A couple of weeks ago I was lucky enough to photograph a wedding for a good friend that I have known for many years now. I believe I also got the job because Debbie really understands and ‘gets’ the style and approach to my wedding photography. It wasn’t just a case of “Oh I know, Steve photographs weddings, we can just get him to do it.” I am no stranger to photographing friends weddings either, it was back in 2007 in Malta armed with several rolls of film that I first shot my first wedding for Lee and Kelly. Kelly always jokes when looking at my work now saying “You weren’t this good when you photographed our wedding…” at least I hope she’s joking, because truth be told it was those photographs, and the praise that came from them, that set me down this path of documentary wedding photography. I was told we just want a couple of family shots, a few nice ones of us and the rest just do what you want. It was this freedom and the realisation that actually a lot of people do want my style of photography that made me think, well I enjoy shooting weddings this way, so let’s give it a go.
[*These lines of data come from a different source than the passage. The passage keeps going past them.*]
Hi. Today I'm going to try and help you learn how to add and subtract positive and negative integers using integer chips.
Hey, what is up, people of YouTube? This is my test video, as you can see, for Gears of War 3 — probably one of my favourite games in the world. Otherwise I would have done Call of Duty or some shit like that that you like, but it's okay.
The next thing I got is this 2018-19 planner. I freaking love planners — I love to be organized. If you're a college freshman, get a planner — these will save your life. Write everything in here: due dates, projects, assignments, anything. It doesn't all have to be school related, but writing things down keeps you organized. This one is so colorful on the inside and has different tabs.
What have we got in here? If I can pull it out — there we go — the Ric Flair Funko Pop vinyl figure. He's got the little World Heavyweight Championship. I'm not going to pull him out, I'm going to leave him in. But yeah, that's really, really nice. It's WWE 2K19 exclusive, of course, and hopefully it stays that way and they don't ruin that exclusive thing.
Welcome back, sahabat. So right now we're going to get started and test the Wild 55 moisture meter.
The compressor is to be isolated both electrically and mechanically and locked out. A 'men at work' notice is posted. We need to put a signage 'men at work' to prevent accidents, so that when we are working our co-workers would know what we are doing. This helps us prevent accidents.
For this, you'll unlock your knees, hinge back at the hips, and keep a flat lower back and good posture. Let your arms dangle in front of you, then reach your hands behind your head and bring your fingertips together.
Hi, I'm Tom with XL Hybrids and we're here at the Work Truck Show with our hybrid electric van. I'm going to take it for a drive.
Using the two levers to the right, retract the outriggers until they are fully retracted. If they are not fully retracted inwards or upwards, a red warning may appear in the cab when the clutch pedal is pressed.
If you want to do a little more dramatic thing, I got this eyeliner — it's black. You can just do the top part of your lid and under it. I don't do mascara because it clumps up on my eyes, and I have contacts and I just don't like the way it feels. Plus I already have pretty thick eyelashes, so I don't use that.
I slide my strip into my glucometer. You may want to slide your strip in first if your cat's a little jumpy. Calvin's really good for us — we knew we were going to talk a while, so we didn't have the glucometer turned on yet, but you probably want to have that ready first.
For me, shooting Debbie and Matt’s wedding at Hayne Barn was a great experience and one that, had it been back in 2007 I would have certainly struggled to cope with as the conditions were challenging to say the least. We had thunder, hail stones, torrential rain and sleet, we had harsh bright sunshine and low soft directional light, there was the wonderful soft diffused light that comes from shooting in a marquee to the ceremony room which was practically in the dark all but for one small window light that was partially blocked by the registrar. Having all these scenarios thrown at me as a photographer in 2007, I probably would not have known where to start, in fact I may even have given up there and then. However, I now have the skills and the right equipment for all these situations and more importantly knew how and when to utilise them.
I am so glad Debbie and Matt chose me professionally and personally as I would have felt a deep sense of regret leaving it in someone else’s hands. A question asked… does it feel different shooting a wedding with friends rather than people you don’t know? The answer is no, because interactions and light are what I look for on a wedding day regardless of friends or strangers…. light is light.